Do You Journal?

Do You Journal?

I am not a disciplined journaler.  I keep trying to be, but it is not a set habit.  As a teenager, I religiously journaled about feelings, relationships (good and bad), hopes, and dreams (and that cute boy in class).  But, as an adult, it seems daunting and overwhelming.  I've talked before about having a gratitude journal - that I can do.  But doing more in-depth journaling is a different story. 

When I was a counselor, I would encourage people to journal all the time. I would talk about "free-journaling" - not worrying about sentences or if it is making sense, but just writing down any words, thoughts, and phrases that came to mind.  I do believe that getting things out of your head and onto paper brings a certain level of clarity and calmness. Looking back over those random writings is then another step in the process of identifying feelings and areas that might need to be addressed.  Sometimes it's good to just get the words out of your head and then let them go.

Journaling does not have to be fancy or formal.  And those journal entries don't have to be pages long.  Starting with a short amount of time (I'm talking 3-5 minutes) might be enough to develop the habit.  I like doing it at the end of the day to help prepare my mind and body for rest.

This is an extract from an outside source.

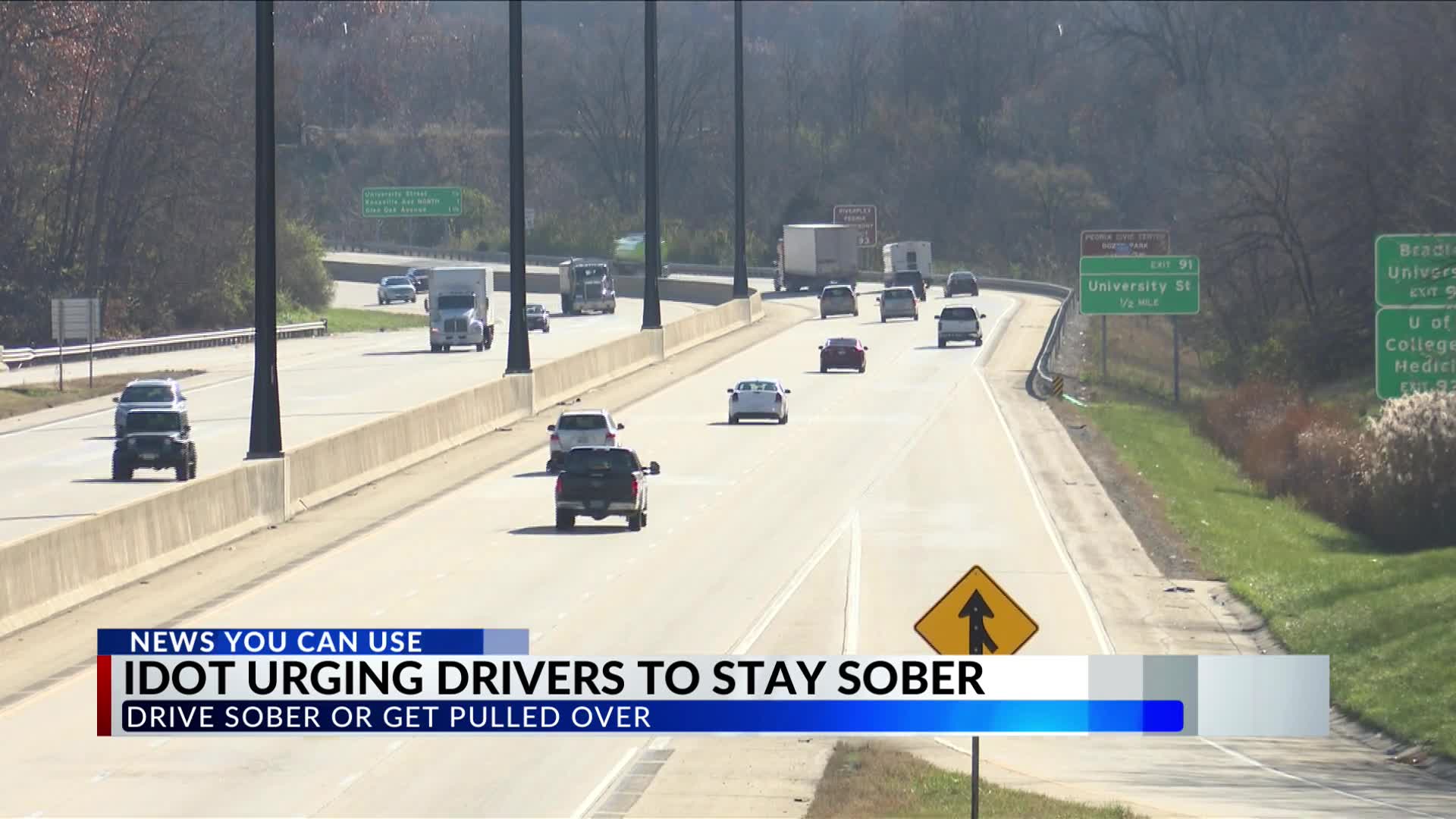 IDOT urging drivers to stay sober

Journaling has great benefits.  Here are a few:
  • Reduce stress and anxiety
  • Increased self-awareness
  • Problem-solving and decision making
  • Personal growth and goal-setting
  • Accountability to self
  • Preserve memories
Journaling is a valuable tool for self-expression and should be done so free of judgment and expectations.  It is a journey without a map and may lead you to amazing paths and views in your life.
 
So, grab a pretty journal and decide on a comfy, peaceful spot for your journaling.  Determine a time of day to journal and set an alarm as a reminder.  Before you begin, light a candle to begin your intention and see where your journaling takes you.